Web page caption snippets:
BEGIN

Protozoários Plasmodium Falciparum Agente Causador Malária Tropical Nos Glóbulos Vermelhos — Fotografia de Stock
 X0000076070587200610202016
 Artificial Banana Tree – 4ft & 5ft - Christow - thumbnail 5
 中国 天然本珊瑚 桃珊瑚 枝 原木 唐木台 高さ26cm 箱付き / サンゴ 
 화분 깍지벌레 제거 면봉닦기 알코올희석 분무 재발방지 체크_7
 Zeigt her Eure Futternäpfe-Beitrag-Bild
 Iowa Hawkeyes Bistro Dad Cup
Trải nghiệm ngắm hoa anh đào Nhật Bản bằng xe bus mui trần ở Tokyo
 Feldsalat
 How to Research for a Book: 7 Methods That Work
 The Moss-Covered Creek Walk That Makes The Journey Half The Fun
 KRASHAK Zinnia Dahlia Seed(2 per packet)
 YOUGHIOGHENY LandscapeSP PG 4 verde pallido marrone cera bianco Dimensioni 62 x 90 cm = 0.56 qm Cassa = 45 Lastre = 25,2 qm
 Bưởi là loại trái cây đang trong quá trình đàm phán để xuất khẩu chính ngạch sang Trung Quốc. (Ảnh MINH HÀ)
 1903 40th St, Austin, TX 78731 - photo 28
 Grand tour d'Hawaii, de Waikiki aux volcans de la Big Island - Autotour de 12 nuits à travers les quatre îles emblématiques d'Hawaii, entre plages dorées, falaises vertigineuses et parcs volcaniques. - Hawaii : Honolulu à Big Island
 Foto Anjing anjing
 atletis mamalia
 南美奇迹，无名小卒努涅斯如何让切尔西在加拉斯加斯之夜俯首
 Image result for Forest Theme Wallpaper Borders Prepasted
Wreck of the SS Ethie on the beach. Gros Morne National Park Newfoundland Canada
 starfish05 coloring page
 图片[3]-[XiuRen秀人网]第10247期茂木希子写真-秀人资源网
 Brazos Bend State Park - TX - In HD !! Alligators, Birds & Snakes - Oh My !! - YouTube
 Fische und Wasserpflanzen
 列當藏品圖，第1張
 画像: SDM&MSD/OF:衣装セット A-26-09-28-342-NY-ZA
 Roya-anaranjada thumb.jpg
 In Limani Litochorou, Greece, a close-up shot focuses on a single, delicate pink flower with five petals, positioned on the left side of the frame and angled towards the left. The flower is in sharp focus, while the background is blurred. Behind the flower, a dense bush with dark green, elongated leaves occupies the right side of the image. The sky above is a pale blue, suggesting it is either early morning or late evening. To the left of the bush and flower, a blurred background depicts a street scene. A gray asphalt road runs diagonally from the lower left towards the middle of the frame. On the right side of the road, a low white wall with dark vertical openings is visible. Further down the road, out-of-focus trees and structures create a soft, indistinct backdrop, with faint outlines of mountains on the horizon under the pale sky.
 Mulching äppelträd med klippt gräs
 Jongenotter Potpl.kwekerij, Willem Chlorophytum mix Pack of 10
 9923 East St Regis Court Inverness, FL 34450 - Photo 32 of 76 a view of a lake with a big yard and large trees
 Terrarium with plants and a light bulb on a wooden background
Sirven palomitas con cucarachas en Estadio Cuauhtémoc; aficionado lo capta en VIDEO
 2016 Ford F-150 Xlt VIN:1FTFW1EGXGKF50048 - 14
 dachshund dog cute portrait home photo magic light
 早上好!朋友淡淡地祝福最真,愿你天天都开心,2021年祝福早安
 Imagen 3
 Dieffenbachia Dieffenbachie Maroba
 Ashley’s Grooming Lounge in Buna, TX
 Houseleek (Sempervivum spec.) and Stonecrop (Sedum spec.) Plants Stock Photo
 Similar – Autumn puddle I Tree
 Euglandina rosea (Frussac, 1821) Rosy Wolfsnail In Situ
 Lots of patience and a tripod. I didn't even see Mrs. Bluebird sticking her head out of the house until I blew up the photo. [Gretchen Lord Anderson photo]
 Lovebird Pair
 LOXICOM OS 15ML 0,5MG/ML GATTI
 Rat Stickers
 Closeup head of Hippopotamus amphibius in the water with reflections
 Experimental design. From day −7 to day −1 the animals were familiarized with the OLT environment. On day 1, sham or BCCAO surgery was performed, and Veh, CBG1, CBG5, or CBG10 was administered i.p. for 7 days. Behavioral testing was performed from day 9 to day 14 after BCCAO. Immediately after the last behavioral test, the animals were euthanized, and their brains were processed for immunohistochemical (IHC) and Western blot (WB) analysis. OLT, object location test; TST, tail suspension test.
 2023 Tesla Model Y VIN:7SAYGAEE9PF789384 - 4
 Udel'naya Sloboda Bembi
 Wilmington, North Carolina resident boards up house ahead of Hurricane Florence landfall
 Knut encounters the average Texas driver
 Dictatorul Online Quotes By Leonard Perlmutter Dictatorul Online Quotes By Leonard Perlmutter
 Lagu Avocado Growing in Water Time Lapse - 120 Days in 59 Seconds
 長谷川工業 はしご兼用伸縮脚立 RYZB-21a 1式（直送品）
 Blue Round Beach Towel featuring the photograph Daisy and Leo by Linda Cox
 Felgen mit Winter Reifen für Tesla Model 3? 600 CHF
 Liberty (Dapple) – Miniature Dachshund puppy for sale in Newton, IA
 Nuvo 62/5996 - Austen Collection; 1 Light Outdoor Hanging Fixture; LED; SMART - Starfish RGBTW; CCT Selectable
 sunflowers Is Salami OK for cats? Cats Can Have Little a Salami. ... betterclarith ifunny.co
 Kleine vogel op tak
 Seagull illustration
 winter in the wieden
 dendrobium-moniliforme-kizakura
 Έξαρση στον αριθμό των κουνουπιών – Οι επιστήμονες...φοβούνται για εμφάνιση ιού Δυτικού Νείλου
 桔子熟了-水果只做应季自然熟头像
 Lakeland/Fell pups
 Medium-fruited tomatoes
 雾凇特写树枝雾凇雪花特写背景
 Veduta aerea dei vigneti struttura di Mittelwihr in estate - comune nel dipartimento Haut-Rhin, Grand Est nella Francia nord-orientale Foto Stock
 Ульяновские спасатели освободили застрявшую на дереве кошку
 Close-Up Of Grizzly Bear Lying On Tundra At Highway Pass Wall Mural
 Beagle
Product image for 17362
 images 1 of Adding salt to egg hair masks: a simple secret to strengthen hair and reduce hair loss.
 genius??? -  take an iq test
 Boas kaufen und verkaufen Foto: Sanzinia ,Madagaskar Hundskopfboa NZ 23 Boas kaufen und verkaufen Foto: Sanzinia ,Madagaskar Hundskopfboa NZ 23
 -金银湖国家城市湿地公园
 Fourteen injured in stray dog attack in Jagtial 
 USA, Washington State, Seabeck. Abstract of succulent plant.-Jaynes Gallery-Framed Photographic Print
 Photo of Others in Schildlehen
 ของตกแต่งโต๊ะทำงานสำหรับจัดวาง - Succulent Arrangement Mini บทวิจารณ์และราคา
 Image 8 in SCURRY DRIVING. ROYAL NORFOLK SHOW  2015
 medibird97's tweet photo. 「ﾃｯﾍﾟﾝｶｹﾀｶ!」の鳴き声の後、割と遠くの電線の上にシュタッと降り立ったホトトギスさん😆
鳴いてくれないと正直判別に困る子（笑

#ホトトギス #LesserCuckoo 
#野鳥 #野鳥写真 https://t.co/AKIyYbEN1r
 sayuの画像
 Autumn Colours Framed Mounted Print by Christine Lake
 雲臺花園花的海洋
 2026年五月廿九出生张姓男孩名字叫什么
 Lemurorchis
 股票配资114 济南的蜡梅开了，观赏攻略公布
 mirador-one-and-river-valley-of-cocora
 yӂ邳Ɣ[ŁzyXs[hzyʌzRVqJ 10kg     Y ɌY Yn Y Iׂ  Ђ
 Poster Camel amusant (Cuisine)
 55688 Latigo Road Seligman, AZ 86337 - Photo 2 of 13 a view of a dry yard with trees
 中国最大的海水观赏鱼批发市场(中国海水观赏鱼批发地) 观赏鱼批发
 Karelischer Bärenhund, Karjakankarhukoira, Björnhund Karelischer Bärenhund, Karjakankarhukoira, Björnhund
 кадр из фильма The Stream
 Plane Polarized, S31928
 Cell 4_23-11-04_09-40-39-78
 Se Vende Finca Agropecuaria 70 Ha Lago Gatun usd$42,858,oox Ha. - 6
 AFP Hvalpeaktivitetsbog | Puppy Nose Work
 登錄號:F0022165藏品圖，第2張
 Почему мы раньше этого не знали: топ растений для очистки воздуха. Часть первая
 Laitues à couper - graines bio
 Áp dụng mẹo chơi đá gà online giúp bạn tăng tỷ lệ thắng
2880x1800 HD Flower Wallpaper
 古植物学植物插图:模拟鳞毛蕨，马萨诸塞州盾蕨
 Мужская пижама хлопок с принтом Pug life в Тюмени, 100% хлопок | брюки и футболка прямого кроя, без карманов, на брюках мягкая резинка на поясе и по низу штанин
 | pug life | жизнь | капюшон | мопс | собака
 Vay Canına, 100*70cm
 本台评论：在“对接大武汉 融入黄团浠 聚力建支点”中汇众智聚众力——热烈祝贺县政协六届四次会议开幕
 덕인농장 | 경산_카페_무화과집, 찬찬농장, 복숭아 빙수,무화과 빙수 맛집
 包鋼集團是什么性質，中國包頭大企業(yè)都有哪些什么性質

END

Set down exactly the lines that begin the records and continue through the line bearing "1903 40th St, Austin, TX 78731 - photo 28"; include both ends.

Protozoários Plasmodium Falciparum Agente Causador Malária Tropical Nos Glóbulos Vermelhos — Fotografia de Stock
 X0000076070587200610202016
 Artificial Banana Tree – 4ft & 5ft - Christow - thumbnail 5
 中国 天然本珊瑚 桃珊瑚 枝 原木 唐木台 高さ26cm 箱付き / サンゴ 
 화분 깍지벌레 제거 면봉닦기 알코올희석 분무 재발방지 체크_7
 Zeigt her Eure Futternäpfe-Beitrag-Bild
 Iowa Hawkeyes Bistro Dad Cup
Trải nghiệm ngắm hoa anh đào Nhật Bản bằng xe bus mui trần ở Tokyo
 Feldsalat
 How to Research for a Book: 7 Methods That Work
 The Moss-Covered Creek Walk That Makes The Journey Half The Fun
 KRASHAK Zinnia Dahlia Seed(2 per packet)
 YOUGHIOGHENY LandscapeSP PG 4 verde pallido marrone cera bianco Dimensioni 62 x 90 cm = 0.56 qm Cassa = 45 Lastre = 25,2 qm
 Bưởi là loại trái cây đang trong quá trình đàm phán để xuất khẩu chính ngạch sang Trung Quốc. (Ảnh MINH HÀ)
 1903 40th St, Austin, TX 78731 - photo 28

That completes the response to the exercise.